Data entries:

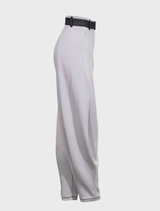 Stylish opal barrel trousers showcased on a hanger, highlighting their relaxed fit and contemporary design.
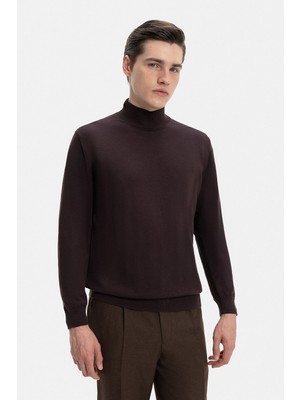 Vakko Mock Neck Knit Sweater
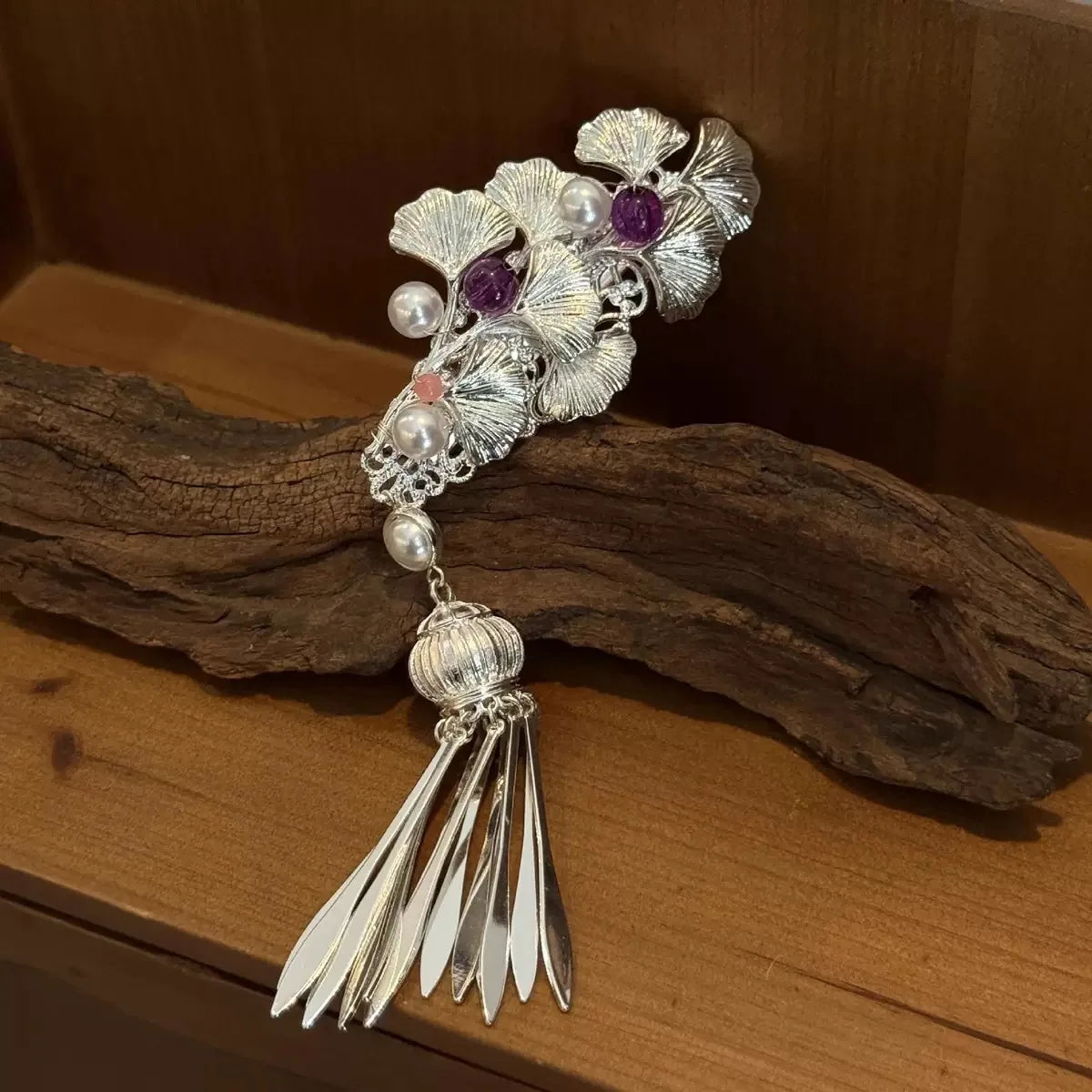 Pearl Hair Comb Women Hanfu Cheongsam Side Hairpin Ancient Tasseled Zpaxo A4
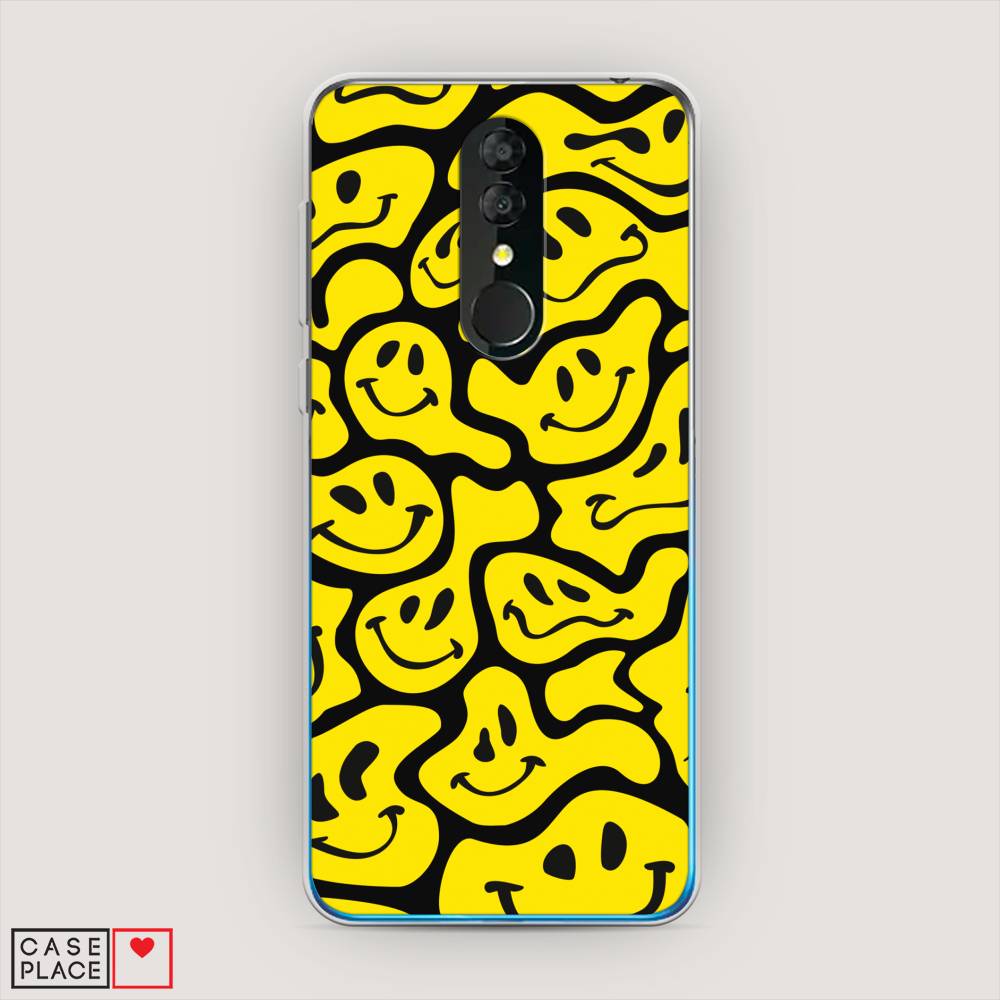 

Чехол на Alcatel 3 5053Y (2019) "Расплывчатые смайлики желтые", Черный;желтый, 170550-6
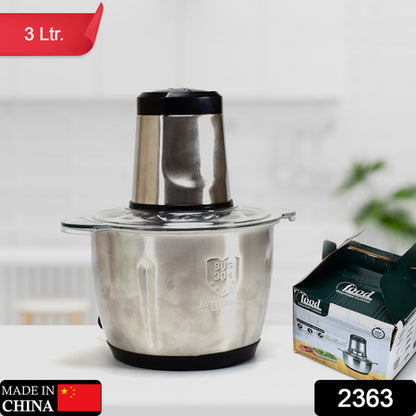 Stainless Steel Electric Meat Grinder Food Chopper 3L 300W for Meat, Vegetables, Onion, Garlic, Fruits and Nuts (1 Pc)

What you have to do: Retype each line above exactly and leave out any picture.

The answer:
 Stylish opal barrel trousers showcased on a hanger, highlighting their relaxed fit and contemporary design.
 Vakko Mock Neck Knit Sweater
 Pearl Hair Comb Women Hanfu Cheongsam Side Hairpin Ancient Tasseled Zpaxo A4

Чехол на Alcatel 3 5053Y (2019) "Расплывчатые смайлики желтые", Черный;желтый, 170550-6
 Stainless Steel Electric Meat Grinder Food Chopper 3L 300W for Meat, Vegetables, Onion, Garlic, Fruits and Nuts (1 Pc)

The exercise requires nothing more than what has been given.